Ickworth, originally uploaded by Invicta Moto.

Sent from my BlackBerry® wireless device

Ickworth NT

17 August 2009

Roadtest - GSF1200S-T Bandit

Roadtest originally published on the old Geocities SOC website in 1996!!

Author: Paul Devall
On the drive down to Crawley, where Suzuki GB is situated, to pick up the Bandit I really didn't know what to expect. I had just read a really praiseworthy test of the bike in 'RiDE' and wondered if I would get the same bike. In the end I got one of that bikes 'brothers'. 

When Roger Simmons, the test fleet manager, and former mechanic to the stars of the Heron Suzuki racing teams of the past (remember Barry Sheene, Randy Mamola.....), brought N119 NCD round to the front, it looked very nice. It was the metallic red colour, they call it maroon, that I prefer to Teal Green and Black. After a few instructions about the small quirks on the bike I was then soon able to ride off. Only I'd forgotten my boots at home! I had all the riding gear I needed apart from boots. If you cast your minds back to early July, after a few weeks of summer weather, in southern England we were back to a lot of rain - a typical summer?

To avoid the traffic jams on the M23 that were trying to merge with the M25 westbound through the upgrade works, we set off across country towards Reigate and Dorking on the A25. I figured this would give me a chance to get used to the ergonomics without too much hassle.

All the controls fall readily to hand. To start the bike you have to pull in the clutch lever to disengage the interlock, it also helps to be in neutral or have the side stand up! Belt and braces I suppose. Once started the motor ticks over quietly, the exhaust note very muted. The clutch is hydraulic like all the GSXR's and their derivatives, and was very light and failed to give up despite some dumping on the high speed getaway tests!

The gearbox is all you expect from a Suzuki, very slick, but with a clonk engaging first. I have always been a fan of the Suzuki gearbox, with the positive stop at the top of the box. I also have a great love for the gear indicator fitted on older machines, unfortunately with a bike that will pull from sub 2000 revs in top; a gear indicator might help the novice know where they are in the box. The Bandit had a little over 3900 miles on the clock when I picked it up and it was so smoooooth! A big change from my own Water Buffalo!

No sooner had we got to the M25 further along from the road works, than it started to rain and I had to pull out of the contraflow to don waterproofs. Unfortunately my Nike trainers were waterproof for less than a yard and I was soon very miserable below the ankle! As a result I was unable to answer the question "What'll it do Mister?" this time. By the time I got the ninety miles home I was ready for the E.R!

It rained for most of day 2 as well, although I did get out testing the panniers didn't touch the exhaust. Part Two of the test would be the Bandit and I trying a spot of long distance touring in Scotland with Team-SOC (Suzuki Owners Club).

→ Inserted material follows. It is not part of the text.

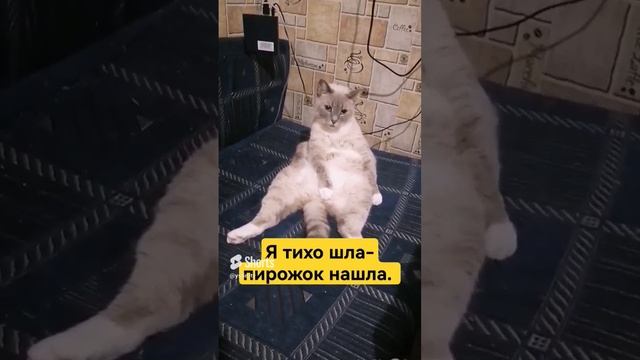Мэри тихо шла и с Устином пирожок нашла. #shorts смотреть онлайн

Part One continued on Saturday when equipped only with a magnetic tank bag for the 120 mile ride to Lydney in Gloucestershire to start the 1996 National Rally. The route was over 500 miles, in addition to the getting to and from the start and end points, and covered a good selection of road types. From Lydney we had a mixed bag of A and B roads up through the Forest of Dean and northwards through the Shropshire Hills and Welsh mountains. In daylight you need to make up as much ground as possible to get the distance behind you and I suppose we were cruising about the legal limit, or thereabouts. Actually we were averaging around 75mph for the daylight sections.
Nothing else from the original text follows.